> **Required action**
Print, exactly as they stand, the lines below from the one that has "Anthropologie Amelie Latte" to the one that has "DOLCE & GABBANA", inclusive, leaving out the pictures.

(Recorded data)
+++

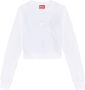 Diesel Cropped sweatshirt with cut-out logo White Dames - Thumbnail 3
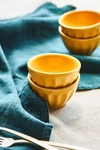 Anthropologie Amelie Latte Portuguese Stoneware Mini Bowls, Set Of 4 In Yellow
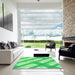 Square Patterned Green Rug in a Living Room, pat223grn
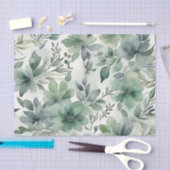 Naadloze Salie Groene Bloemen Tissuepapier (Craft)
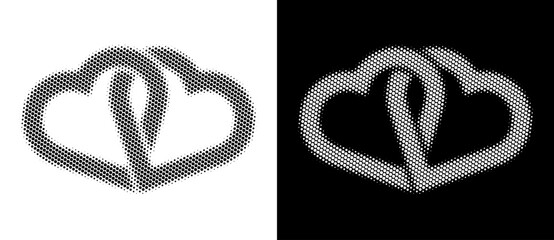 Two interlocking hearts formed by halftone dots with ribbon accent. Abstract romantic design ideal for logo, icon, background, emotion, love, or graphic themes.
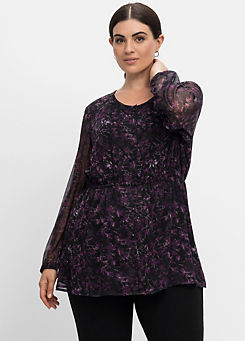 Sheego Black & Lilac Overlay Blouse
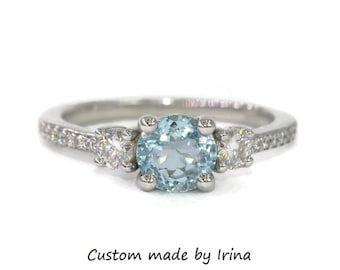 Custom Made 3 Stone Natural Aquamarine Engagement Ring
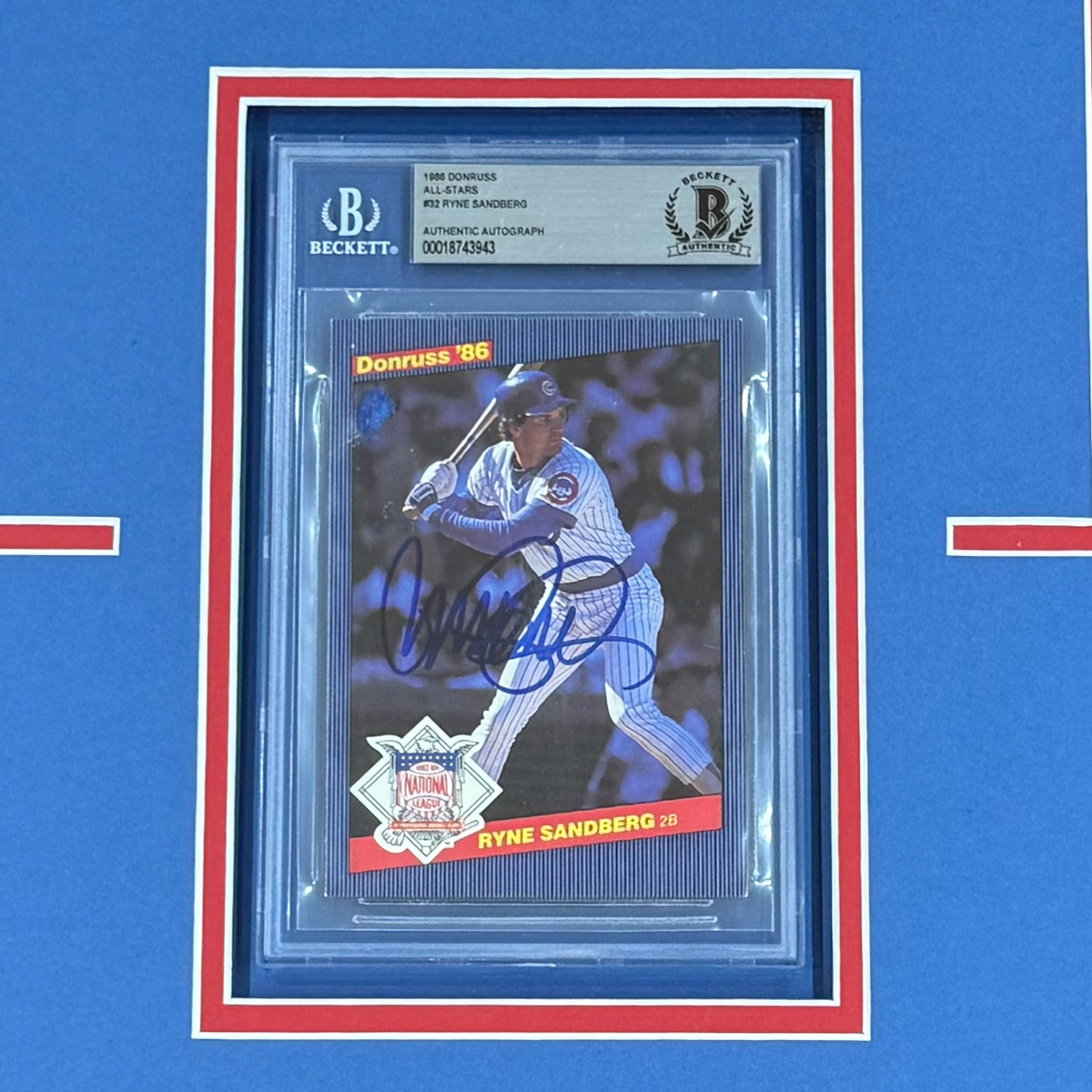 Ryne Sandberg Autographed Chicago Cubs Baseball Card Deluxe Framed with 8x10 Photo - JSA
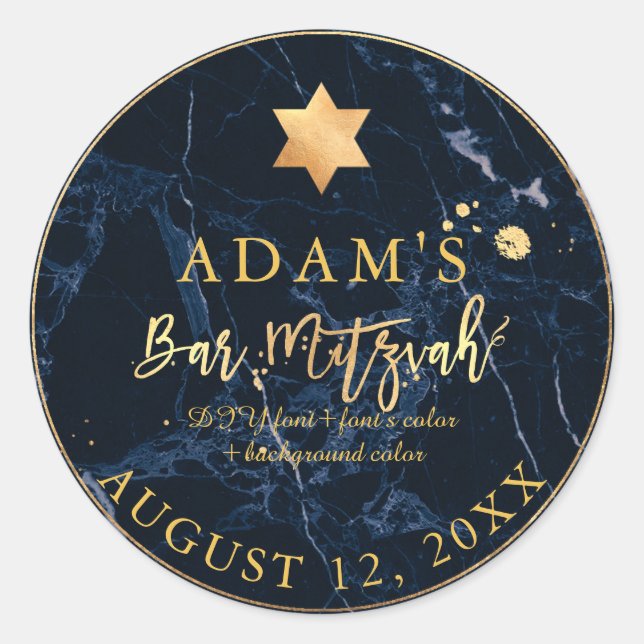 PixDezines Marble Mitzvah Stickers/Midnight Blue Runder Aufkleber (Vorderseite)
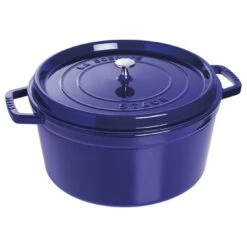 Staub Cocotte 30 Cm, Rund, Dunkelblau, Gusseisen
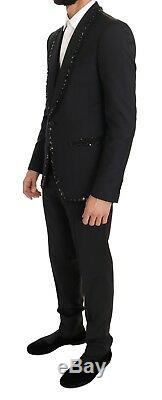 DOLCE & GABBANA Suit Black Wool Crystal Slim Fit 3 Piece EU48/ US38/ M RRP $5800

+++

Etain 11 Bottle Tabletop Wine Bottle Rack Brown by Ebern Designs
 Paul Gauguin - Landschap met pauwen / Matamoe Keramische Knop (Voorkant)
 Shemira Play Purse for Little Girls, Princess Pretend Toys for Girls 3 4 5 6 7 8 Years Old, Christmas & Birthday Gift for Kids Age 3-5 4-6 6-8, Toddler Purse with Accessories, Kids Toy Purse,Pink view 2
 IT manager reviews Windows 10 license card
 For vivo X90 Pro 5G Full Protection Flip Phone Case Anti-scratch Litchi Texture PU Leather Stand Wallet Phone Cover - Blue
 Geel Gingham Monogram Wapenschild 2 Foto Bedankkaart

+++

> **Response area**
 Anthropologie Amelie Latte Portuguese Stoneware Mini Bowls, Set Of 4 In Yellow
 Square Patterned Green Rug in a Living Room, pat223grn
 Naadloze Salie Groene Bloemen Tissuepapier (Craft)
 Two interlocking hearts formed by halftone dots with ribbon accent. Abstract romantic design ideal for logo, icon, background, emotion, love, or graphic themes.
 Sheego Black & Lilac Overlay Blouse
 Custom Made 3 Stone Natural Aquamarine Engagement Ring
 Ryne Sandberg Autographed Chicago Cubs Baseball Card Deluxe Framed with 8x10 Photo - JSA
 PixDezines Marble Mitzvah Stickers/Midnight Blue Runder Aufkleber (Vorderseite)
 Staub Cocotte 30 Cm, Rund, Dunkelblau, Gusseisen
 DOLCE & GABBANA Suit Black Wool Crystal Slim Fit 3 Piece EU48/ US38/ M RRP $5800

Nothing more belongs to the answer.